A topic of further study is whether it is a viable option to continue BRAF inhibitor at a lower dose to reduce drug toxicity. The doses of BRAF/MEK inhibitors that have been used for papillary craniopharyngiomas are based on dose escalation studies that sought to define the recommended phase 2 dose [8]. Given the benign nature of papillary craniopharyngioma and the low to absent potential for malignant transformation, whether the high doses of BRAF inhibitors studied are needed for tumor control is an important question.
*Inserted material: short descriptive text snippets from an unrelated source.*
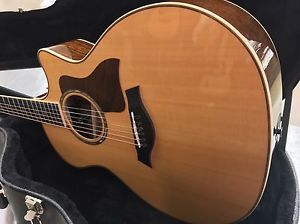 Taylor 800 814ce Acoustic/Electric Guitar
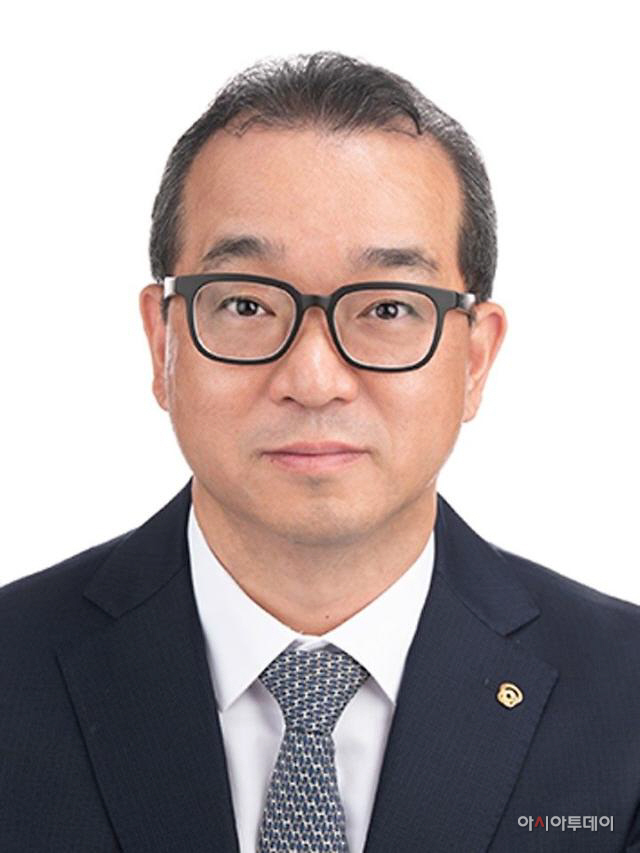 정인섭 대표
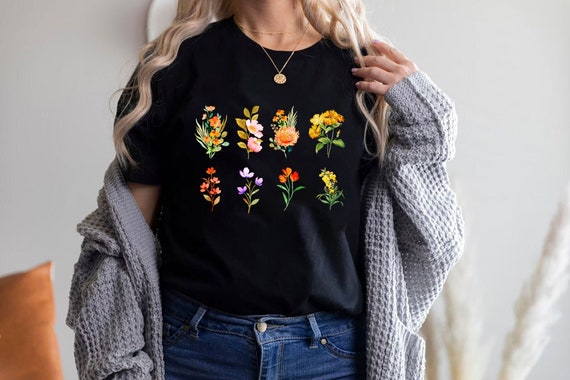 Wildflower Shirt, Vintage Flower Shirt, Floral Shirt, Flower Shirt, Gift for Women, Ladies Shirts, Best Friend Gift Shirt, Botanical Shirt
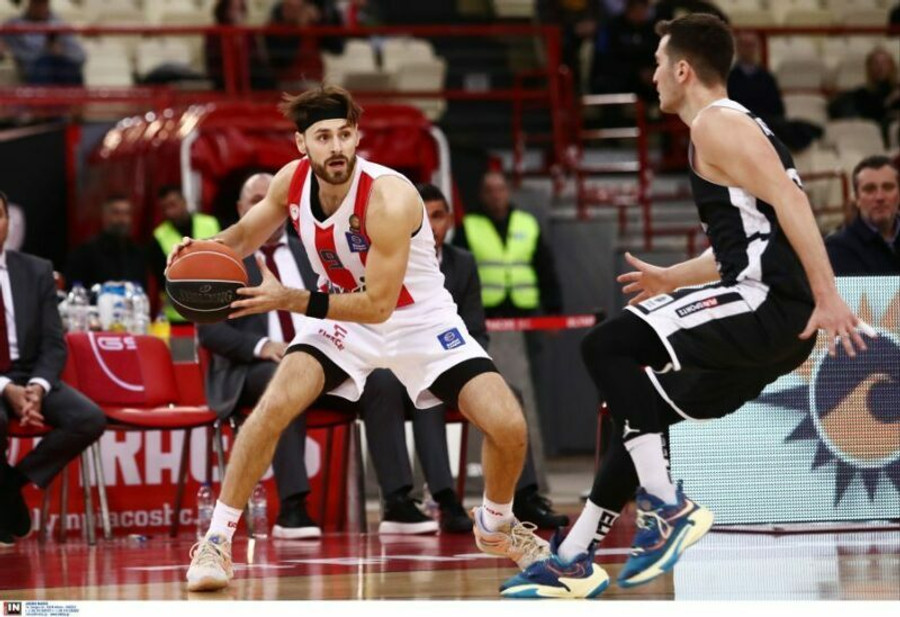 Ολυμπιακός-Απόλλωνας Πάτρας: Τα 3/3 τρίποντα του Τζορτζ Πάπας (video)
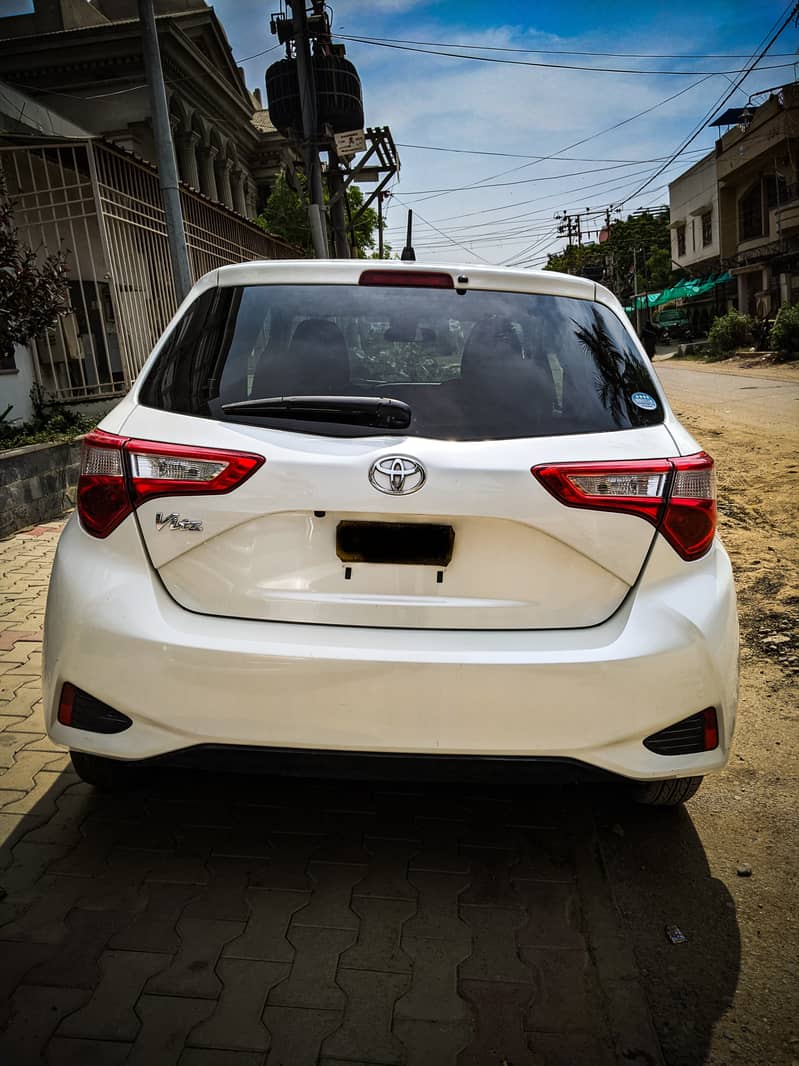 Toyota Vitz 2022(Registration) 3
It is also unclear whether the addition of a MEK inhibitor to a BRAF inhibitor, which improves progression free survival in cancer, improves progression free survival in the treatment of craniopharyngioma.

In conclusion, this report offers a potential new treatment paradigm, in which select patients with characteristic clinical and radiographic features consistent with papillary craniopharyngioma, are treated with a short course of a BRAF inhibitor. If regression occurs, this treatment can be diagnostic as well as therapeutic. This approach may lead to better patient outcomes by decreasing surgical morbidity, or even avoiding the risk of surgery altogether. The patient in this report will need long term follow-up to ensure continued treatment response and close monitoring for toxicity, given that the treatment plan is maintenance treatment with low dose dabrafenib as long as the drug remains well tolerated.